O PIS e Cofins, ao longo dos últimos 15 anos, passaram a ser os tributos de maior relevância na arrecadação federal, respondendo por mais de 20% do total arrecadado no país. Sua importância para a União Federal tornou-se ainda mais flagrante pelo reiterado desvio de sua configuração constitucional originária, que os criou como “contribuições”, conceito jurídico que define aqueles tributos vinculados a um determinado propósito, no caso, o financiamento da seguridade social.

A desvinculação das contribuições, sucessivamente prorrogada por emendas constitucionais desde 2000, permitiu a livre utilização de parcela dos recursos arrecadados pelo executivo federal e, mais que isso, por se tratar de contribuições, nada precisou ser repartido com estados e municípios.

O alto grau de complexidade – há mais exceções do que regras –, a enorme litigiosidade provocada pelo conflito interpretativo da extensão dos direitos de crédito, a incidência sobre tributos (ICMS, ISS, o próprio PIS/Cofins), – já reputada inconstitucional pelo STF no que concerne ao ICMS em julgamento ainda pendente de finalização –, justificariam a adoção de um novo tributo em seu lugar: a CBS.

Sucede que a CBS que se propõe tem traços característicos de impostos preexistentes.
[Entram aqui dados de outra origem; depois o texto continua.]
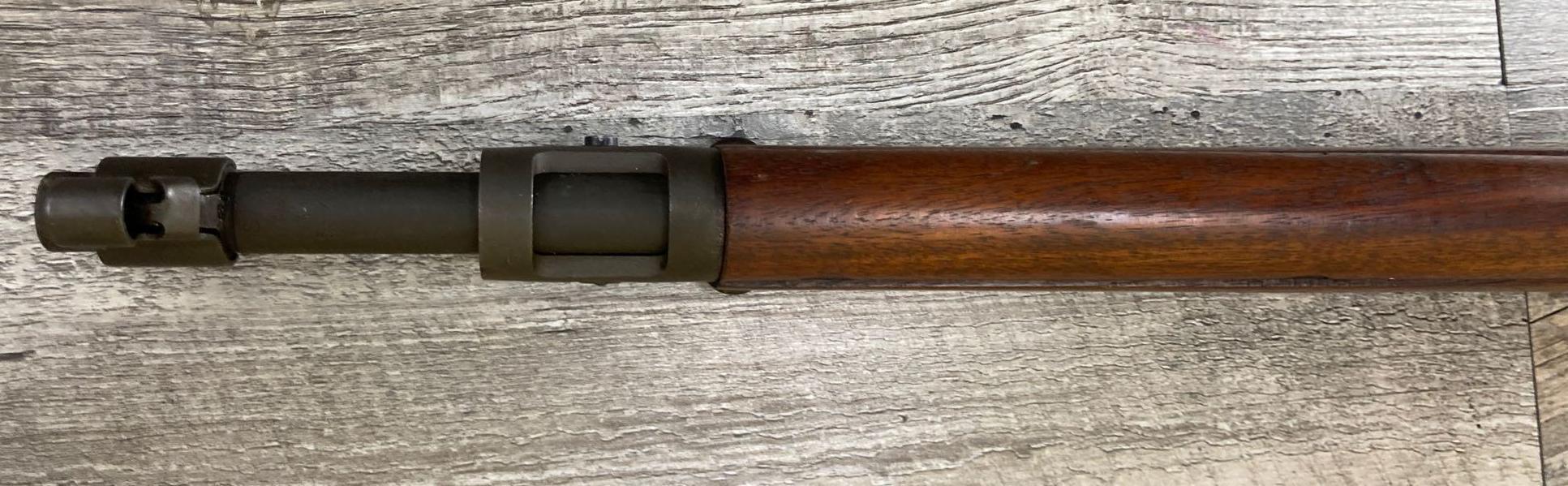 ROCK ISLAND ARSENAL MODEL 1903
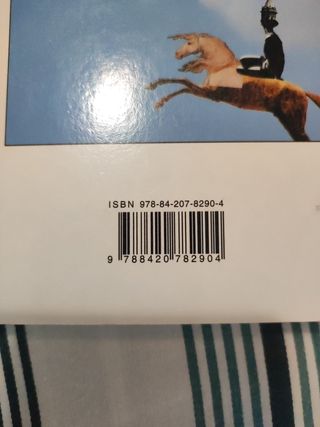 Libros lectura 4 ESO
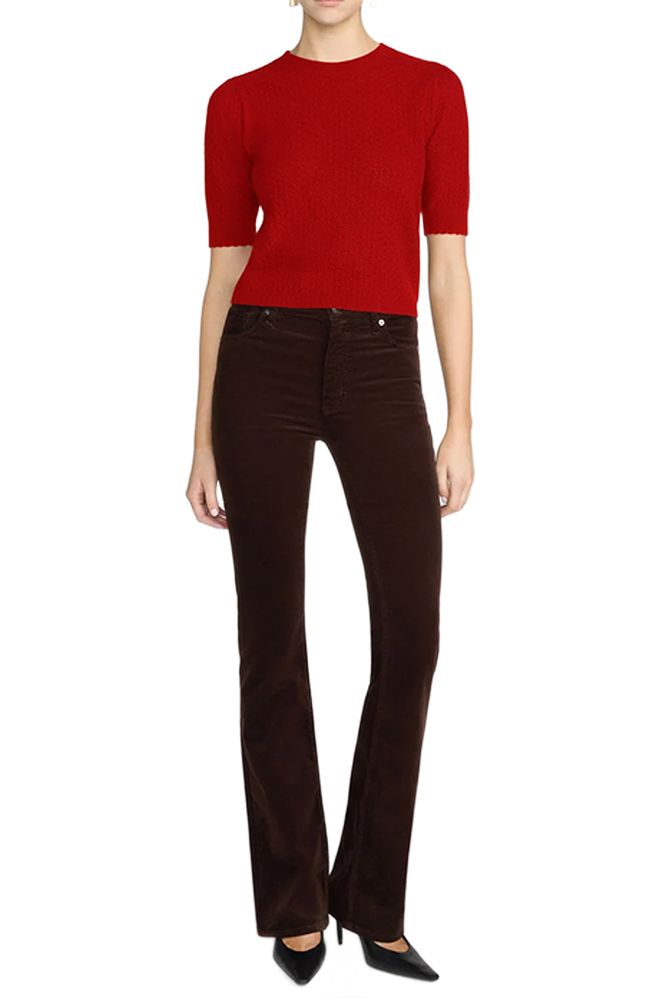 The Corduroy Reboot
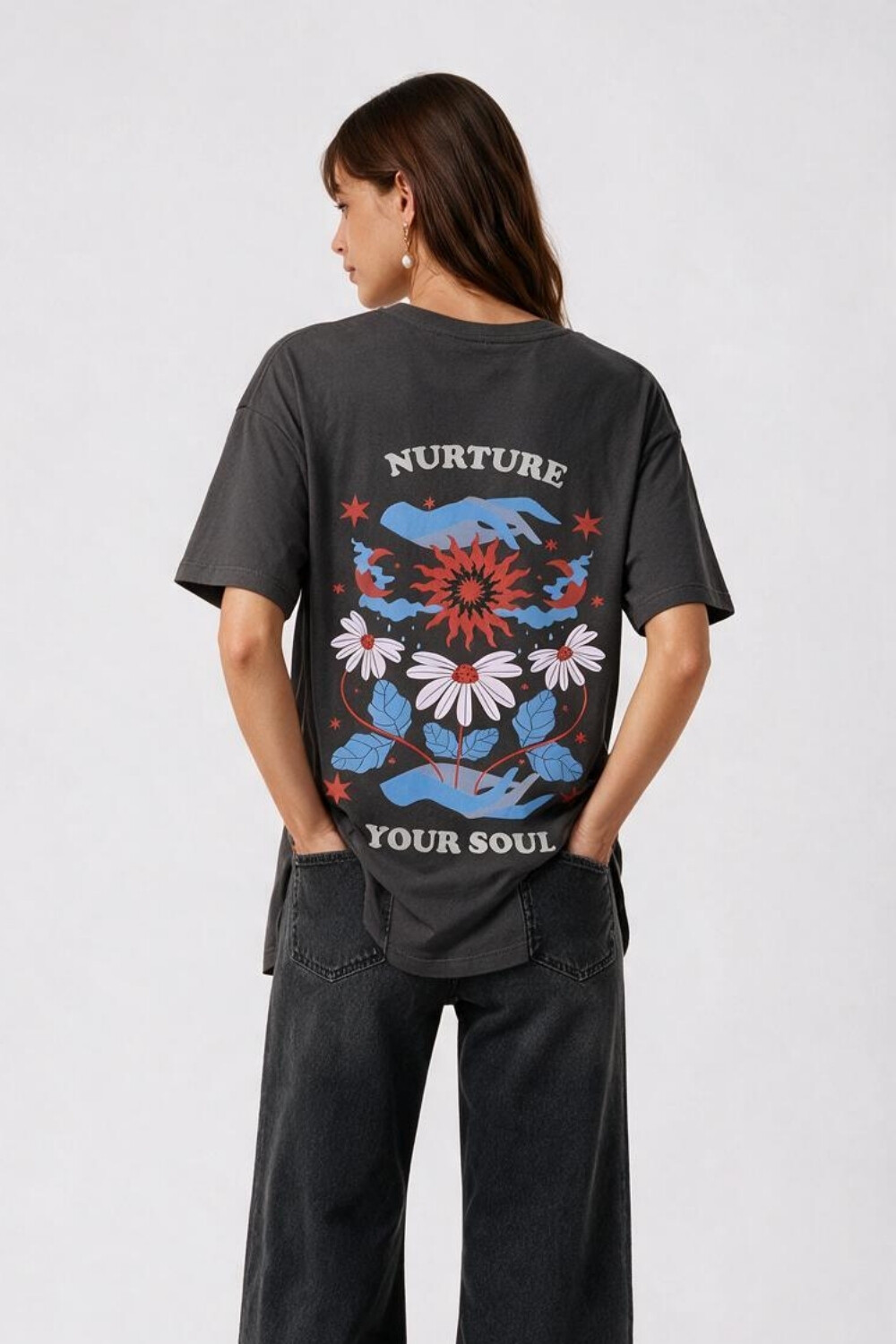 Remera Rodaro Estampado 4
Nunca é tarde para recordar que o que define a natureza jurídica de um tributo é o seu fato gerador, sendo irrelevantes para qualificá-los a sua denominação e o destino de sua arrecadação.

No caso da CBS, a lei determina logo em seu art. 1º que ela incide sobre operações com bens e serviços e tem como fato gerador, nos termos do art. 2º, o “auferimento da receita bruta de que trata o art. 12 do Decreto-Lei nº 1.598, de 26 de dezembro de 1977, em cada operação.”
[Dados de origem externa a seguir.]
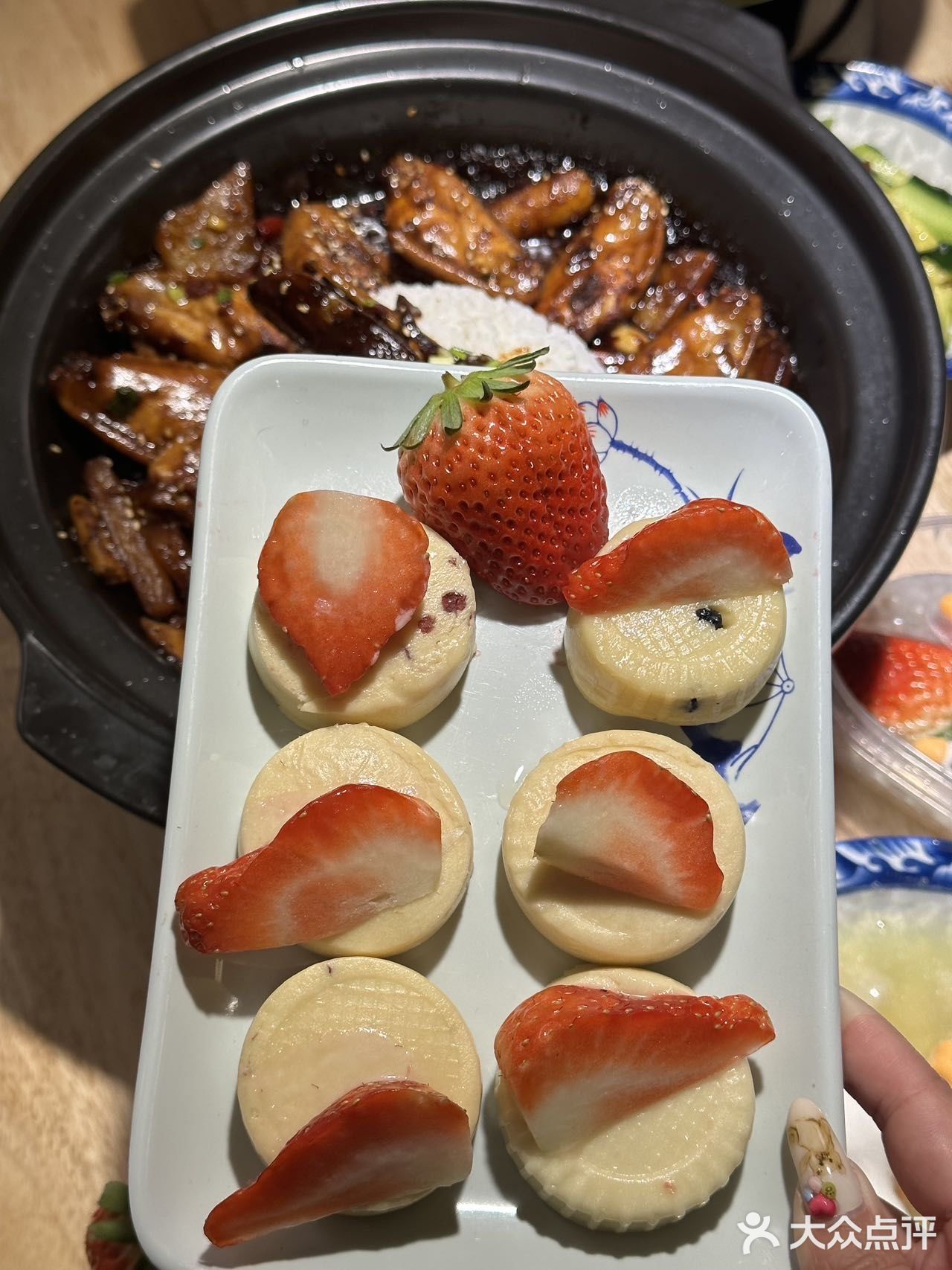 爱吃辣的朋友有福了🥰被辣嗨了！！！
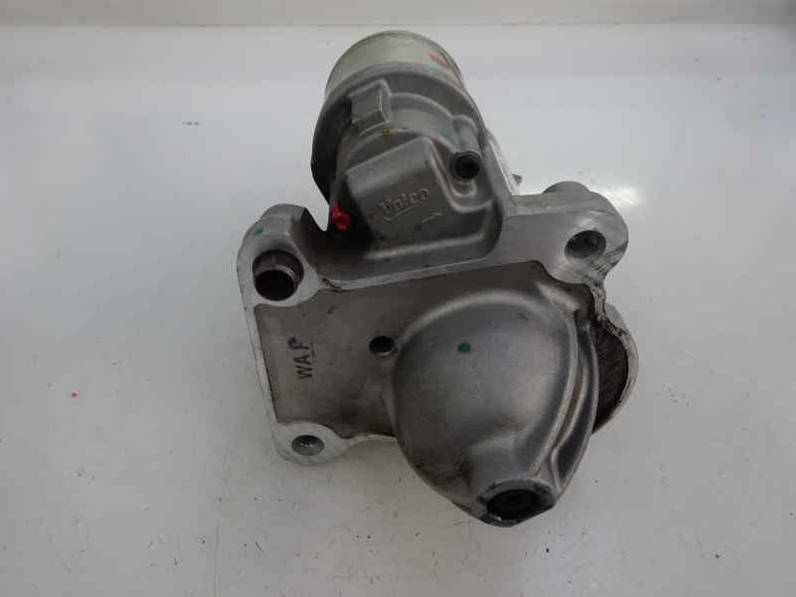 MOTOR ARRANQUE FORD FIESTA 2011 1.4 TDCI (69 CV)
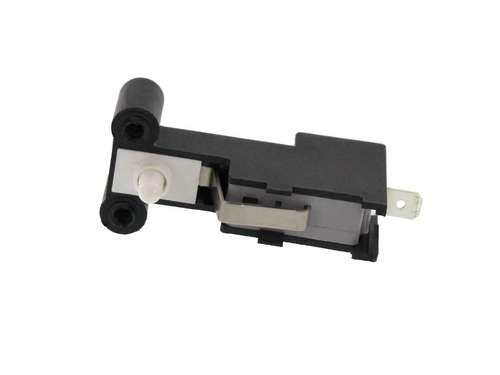 Whirlpool Washer Door Lock Switch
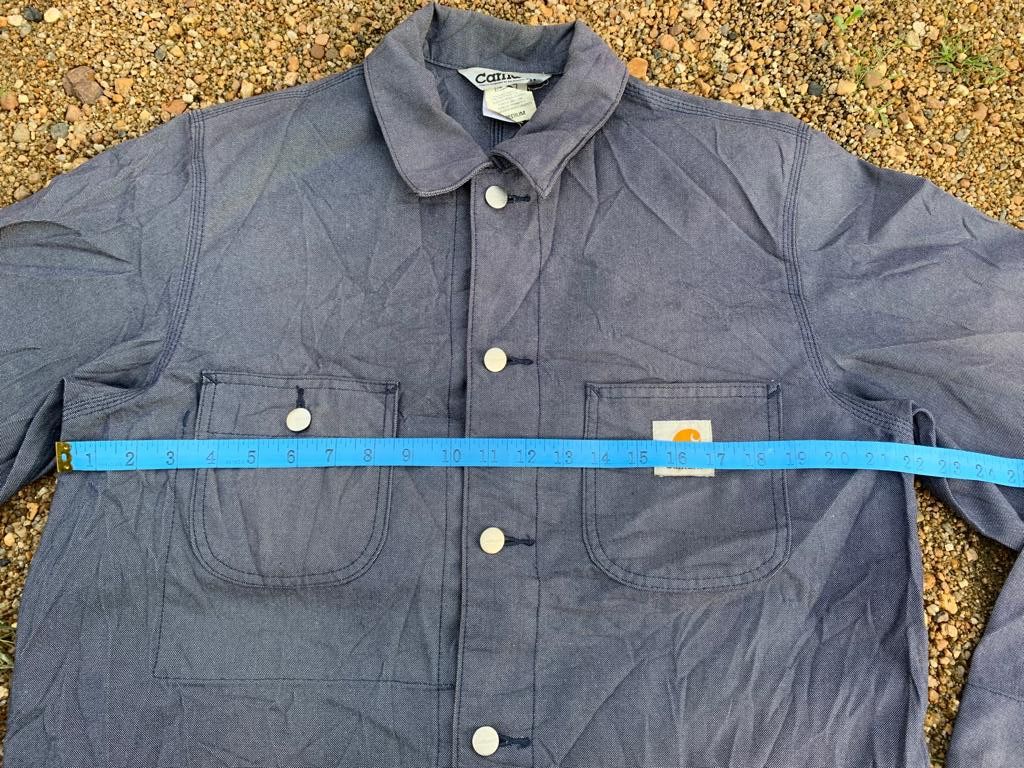 Carhartt Carhartt Core Jacket Size US M / EU 48-50 / 2 - 9 Thumbnail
Logo se vê que os artigos do projeto de lei acima referidos não dialogam bem entre si. Enquanto o art. 1º demonstra claramente que a instituição da CBS pressuporia o exercício de competência que a União Federal não possui – posto que a materialidade da nova contribuição desborda daquelas admitidas pelo art. 195, I, da Constituição Federal – o art. 2º, de forma absolutamente contraditória, tenta circunscrever a sua base de cálculo ao auferimento de receita bruta, o que apenas pode ser interpretado como uma tentativa de conferir-lhe constitucionalidade.
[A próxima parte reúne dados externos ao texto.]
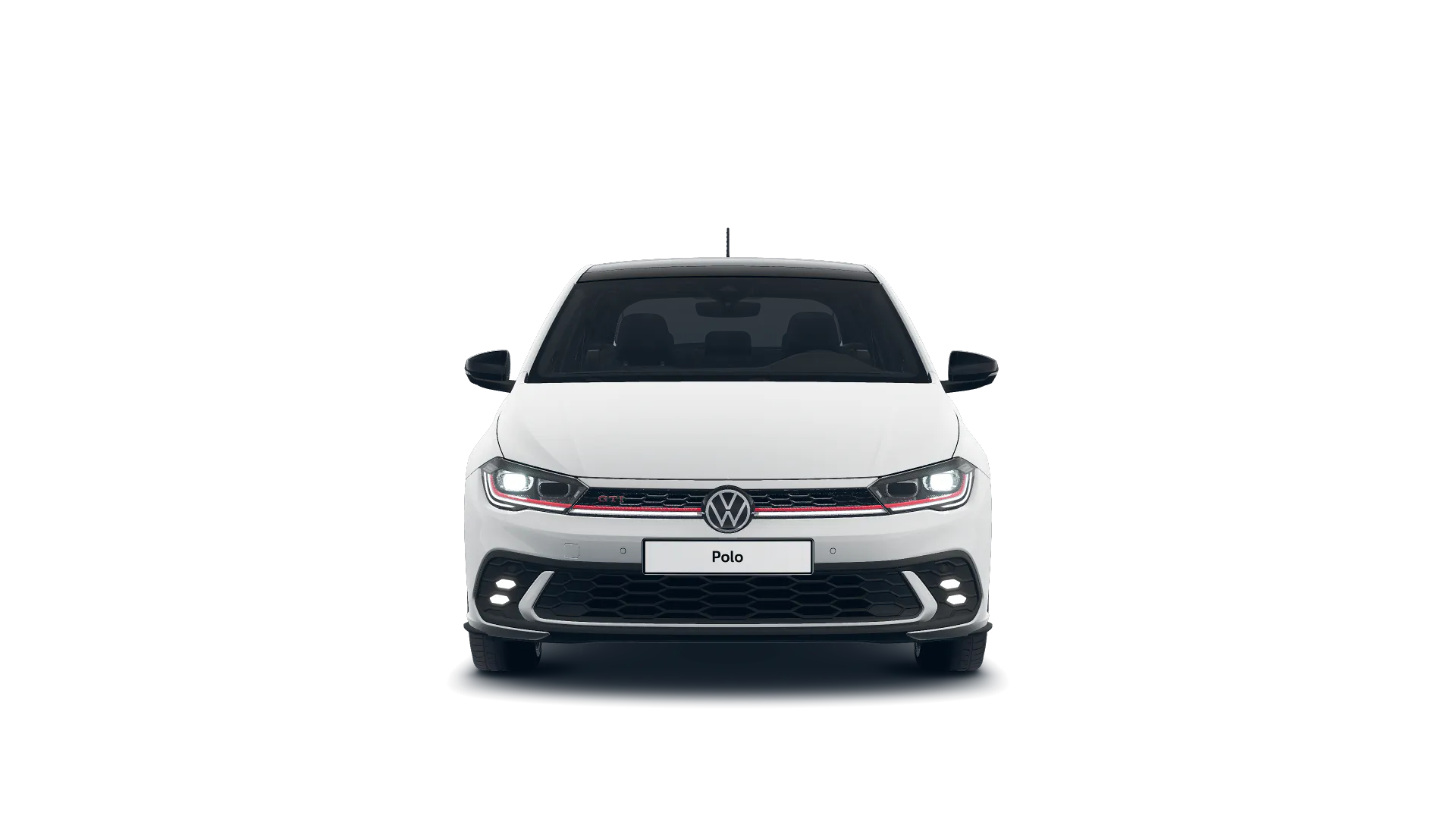Volkswagen Polo GTI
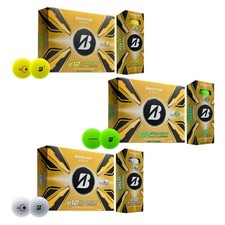 Bridgestone e12 Straight Golf Balls NEW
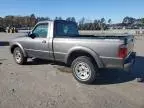 2004 Ford Ranger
Ora, auferir receita em operações com bens e serviços nada mais é que o bom e velho faturamento previsto nas legislações pretéritas do PIS e do FINSOCIAL. Ou seja, é o preço do bem e do serviço que será objeto de tributação. Se o preço de venda do bem ou do serviço é tributado pela União por uma incidência não cumulativa nada mais se está a fazer do que criar um tributo sobre o valor acrescentado na venda de bens e serviços. Só que essa tributação foi constitucionalmente outorgada aos estados e aos municípios, respectivamente, pelo ICMS e pelo ISS, e não à União.

Note-se que ainda que a União viesse a lançar mão da competência residual que lhe foi outorgada pelo constituinte originário (art. 195, §4º c/c art. 154, I, da CF/88), seria absolutamente questionável a criação de tributo cuja materialidade abarque operações circulatórias de bens e serviços.

Alguns dirão que isso de fato já ocorre hoje e contribuições podem ter a mesma hipótese de incidência de impostos. Mas serão mesmo verdadeiras contribuições quando têm o produto da arrecadação tredestinado, quando tomam de empréstimo regimes próprios de impostos como a não cumulatividade?

Outros afirmarão que a CBS que se propõe será como um tributo sobre valor acrescentado dual, de inspiração canadense, que conviverá paralelamente àquele tributo que vier a ser instituído em substituição ao ICMS e ao ISS.

Mas a União não é livre para instituir por lei ordinária um novo imposto com os mesmos fatos geradores daqueles previstos na Constituição. Para isso ser válido é necessária uma emenda constitucional e não um arremedo legislativo que somente onera, com uma alíquota estratosférica de 12%, os contribuintes e consumidores, predeterminando a fatia da União do futuro IVA nacional.

Cabe ao poder legislativo federal exercer o mandato que lhe foi outorgado pelos eleitores. Não é mais possível aceitar essa constante fraude à Constituição. Como ensina a história, o regime parlamentar nasceu de uma tensão fiscal, e é em momentos de tensão fiscal que o poder político mais precisa ser sabiamente exercido.

Que não se produza um inseto monstruoso.